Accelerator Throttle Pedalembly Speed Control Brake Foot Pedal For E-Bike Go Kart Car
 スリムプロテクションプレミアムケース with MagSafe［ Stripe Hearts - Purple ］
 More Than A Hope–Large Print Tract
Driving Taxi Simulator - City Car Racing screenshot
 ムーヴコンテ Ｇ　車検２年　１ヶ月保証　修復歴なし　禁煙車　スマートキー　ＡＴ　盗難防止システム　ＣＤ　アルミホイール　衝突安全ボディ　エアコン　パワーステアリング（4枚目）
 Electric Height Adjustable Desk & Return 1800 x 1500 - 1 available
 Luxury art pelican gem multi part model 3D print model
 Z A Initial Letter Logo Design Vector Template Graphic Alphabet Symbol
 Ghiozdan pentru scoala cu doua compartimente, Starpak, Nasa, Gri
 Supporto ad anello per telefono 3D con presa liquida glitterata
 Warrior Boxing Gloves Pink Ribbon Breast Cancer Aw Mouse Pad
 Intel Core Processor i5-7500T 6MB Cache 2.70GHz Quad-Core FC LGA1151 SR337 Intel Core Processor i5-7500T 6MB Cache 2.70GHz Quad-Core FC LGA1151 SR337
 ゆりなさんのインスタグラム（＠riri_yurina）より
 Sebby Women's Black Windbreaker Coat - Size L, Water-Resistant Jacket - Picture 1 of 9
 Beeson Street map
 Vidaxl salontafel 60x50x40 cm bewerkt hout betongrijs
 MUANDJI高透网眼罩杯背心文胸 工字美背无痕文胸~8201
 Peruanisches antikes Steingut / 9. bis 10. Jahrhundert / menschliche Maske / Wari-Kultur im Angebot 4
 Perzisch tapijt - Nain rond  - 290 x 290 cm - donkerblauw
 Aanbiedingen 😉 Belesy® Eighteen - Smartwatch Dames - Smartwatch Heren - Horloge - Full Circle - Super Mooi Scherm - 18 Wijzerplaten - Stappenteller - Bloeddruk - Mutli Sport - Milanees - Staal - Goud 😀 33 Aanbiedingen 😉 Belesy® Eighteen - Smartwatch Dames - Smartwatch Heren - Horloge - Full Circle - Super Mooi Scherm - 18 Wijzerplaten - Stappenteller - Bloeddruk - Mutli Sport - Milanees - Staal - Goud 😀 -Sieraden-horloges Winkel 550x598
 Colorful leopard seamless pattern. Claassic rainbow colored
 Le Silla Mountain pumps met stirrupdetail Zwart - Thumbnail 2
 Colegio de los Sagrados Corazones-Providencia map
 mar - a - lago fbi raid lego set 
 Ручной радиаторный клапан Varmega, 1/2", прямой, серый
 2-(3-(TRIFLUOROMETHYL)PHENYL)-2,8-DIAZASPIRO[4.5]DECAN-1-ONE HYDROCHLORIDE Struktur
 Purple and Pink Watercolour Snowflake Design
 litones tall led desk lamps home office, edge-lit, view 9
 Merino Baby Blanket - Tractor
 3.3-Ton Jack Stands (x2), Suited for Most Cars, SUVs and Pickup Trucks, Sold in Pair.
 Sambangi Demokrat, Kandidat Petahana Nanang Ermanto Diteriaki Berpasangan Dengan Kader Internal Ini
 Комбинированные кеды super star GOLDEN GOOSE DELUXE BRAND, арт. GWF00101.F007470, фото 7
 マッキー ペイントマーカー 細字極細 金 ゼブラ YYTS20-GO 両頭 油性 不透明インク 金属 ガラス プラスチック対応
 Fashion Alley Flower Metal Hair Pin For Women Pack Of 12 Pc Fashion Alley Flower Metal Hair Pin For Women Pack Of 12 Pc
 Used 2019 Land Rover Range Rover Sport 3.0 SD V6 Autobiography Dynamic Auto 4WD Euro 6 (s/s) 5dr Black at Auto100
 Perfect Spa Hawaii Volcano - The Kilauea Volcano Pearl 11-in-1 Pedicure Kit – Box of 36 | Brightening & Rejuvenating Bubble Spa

- **EXERCISE**:
Copy out each line of the records that holds the string "Sport".

- **OUTPUT FOR THIS TASK**:
 Aanbiedingen 😉 Belesy® Eighteen - Smartwatch Dames - Smartwatch Heren - Horloge - Full Circle - Super Mooi Scherm - 18 Wijzerplaten - Stappenteller - Bloeddruk - Mutli Sport - Milanees - Staal - Goud 😀 33 Aanbiedingen 😉 Belesy® Eighteen - Smartwatch Dames - Smartwatch Heren - Horloge - Full Circle - Super Mooi Scherm - 18 Wijzerplaten - Stappenteller - Bloeddruk - Mutli Sport - Milanees - Staal - Goud 😀 -Sieraden-horloges Winkel 550x598
 Used 2019 Land Rover Range Rover Sport 3.0 SD V6 Autobiography Dynamic Auto 4WD Euro 6 (s/s) 5dr Black at Auto100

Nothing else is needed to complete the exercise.